/carma_pack

MCMC Sampler for Performing Bayesian Inference on Continuous Time Autoregressive Models.

Primary LanguageC++MIT LicenseMIT

carma_pack

carma_pack is an MCMC sampler for performing Bayesian inference on continuous time autoregressive moving average models. These models may be used to model time series with irregular sampling. The MCMC sampler utilizes an adaptive Metropolis algorithm combined with parallel tempering. Further details are given in this paper.

For a guided tour of carma_pack click here or see the ipython notebook available under the examples/ folder.


Quick Start

To illustrate the important functionality of carma_pack, start by defining the power spectrum parameters for a CARMA(5,3) process:

>>> import carmcmc as cm
>>> import numpy as np
>>>
>>> sigmay = 2.3  # dispersion in the time series
>>> p = 5  # order of the AR polynomial
>>> mu = 17.0  # mean of the time series
>>> qpo_width = np.array([1.0/100.0, 1.0/300.0, 1.0/200.0])  # widths of of Lorentzian components
>>> qpo_cent = np.array([1.0/5.0, 1.0/25.0])  # centroids of Lorentzian components
>>> ar_roots = cm.get_ar_roots(qpo_width, qpo_cent)
>>> ma_coefs = np.zeros(p)
>>> ma_coefs[0] = 1.0
>>> ma_coefs[1] = 4.5
>>> ma_coefs[2] = 1.25
>>> # calculate amplitude of driving white noise
>>> sigsqr = sigmay ** 2 / cm.carma_variance(1.0, ar_roots, ma_coefs=ma_coefs)

Generate the time series:

>>> ny = 270
>>> time = np.empty(ny)
>>> dt = np.random.uniform(1.0, 3.0, ny)
>>> time[:90] = np.cumsum(dt[:90])
>>> time[90:2*90] = 180 + time[90-1] + np.cumsum(dt[90:2*90])
>>> time[2*90:] = 180 + time[2*90-1] + np.cumsum(dt[2*90:])
>>> y0 = mu + cm.carma_process(time, sigsqr, ar_roots, ma_coefs=ma_coefs)
>>> ysig = np.ones(ny) * y0.std() / 5.0  # standard deviation in measurement noise
>>> y = y0 + ysig * np.random.standard_normal(ny)  # add measurement noise

Now lets choose the order of the CARMA model to use. carma_pack does this by finding the maximum-likelihood estimate of the carma models on a grid of (p,q), and then choosing (p,q) to minimize the AICc. Because the likelihood space is multimodal, carma_pack launches 100 optimizers with random starts, and picks the best one. Optimization is done using scipy.optimize, but appears to be unstable as it is not uncommon to get NaN at the MLE.

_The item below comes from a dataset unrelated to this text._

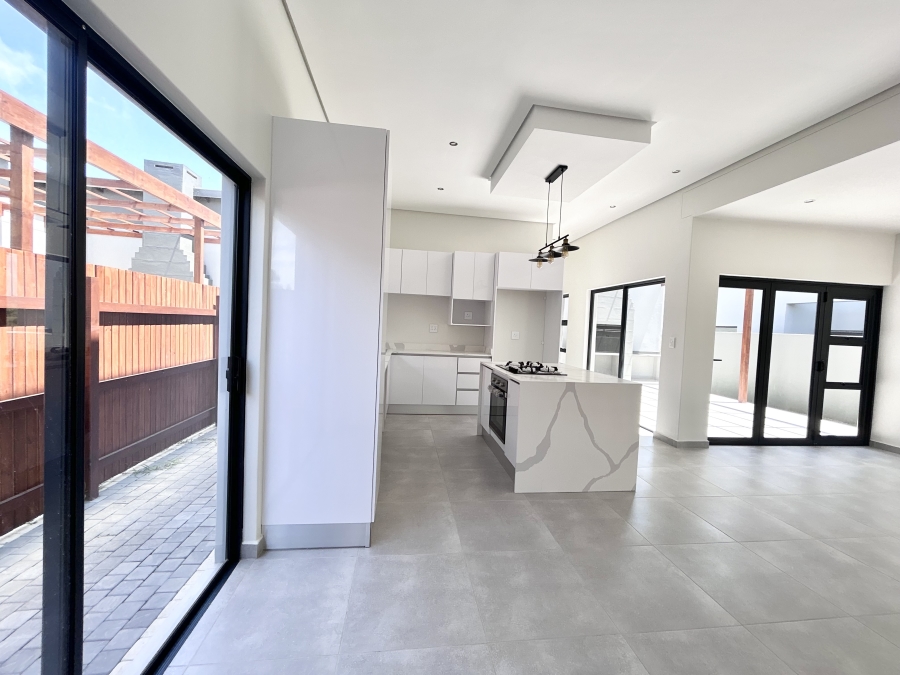 3 Bedroom Property for Sale in Palm Lakes Estate KwaZulu-Natal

>>> carma_model = cm.CarmaModel(time, y, ysig)  # create new CARMA process model
>>> pmax = 7  # only search over p < 7, q < p
>>> # njobs = -1 will use all the processes through the multiprocessing module
>>> MLE, pqlist, AICc_list = carma_model.choose_order(pmax, njobs=-1)

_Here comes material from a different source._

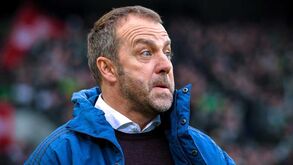 Bayern mantém confiança em Flick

The chosen p and q values are saved as data members of the carma_model object. Finally, lets sample the CARMA process parameters using MCMC and the values of (p,q) chosen by the choose_order method.

>>> carma_sample = carma_model.run_mcmc(50000)

This will run the MCMC sampler for 75000 iterations, with the first 25000 of those discarded as burn-in. You can specify the number of parallel chains to use in the parallel tempering algorithm, as well as the number of iterations used by burn-in. In this example we just use the default.

Now let's examine the results. We can see which parameters we have sampled as

>>> print carma_sample.parameters

We can grab the samples for a parameter doing

>>> trace_qpo_cent = carma_sample.get_samples('psd_centroid')  # get samples for the Lorentzians centroids

We can plot a useful summary of the MCMC samples for each parameter:

>>> carma_sample.plot_parameter('var')  # plots for the CARMA model variance

We can also plot 1-d and 2-d posteriors:

>>> carma_sample.plot_1dpdf('ma_coefs')  # histograms of MA coefficients
>>> # plot distribution of centroid of 1st Lorentzian vs width of 2nd Lorentzian
>>> carma_sample.plot_2dkde('psd_centroid', 'psd_width', 0, 1)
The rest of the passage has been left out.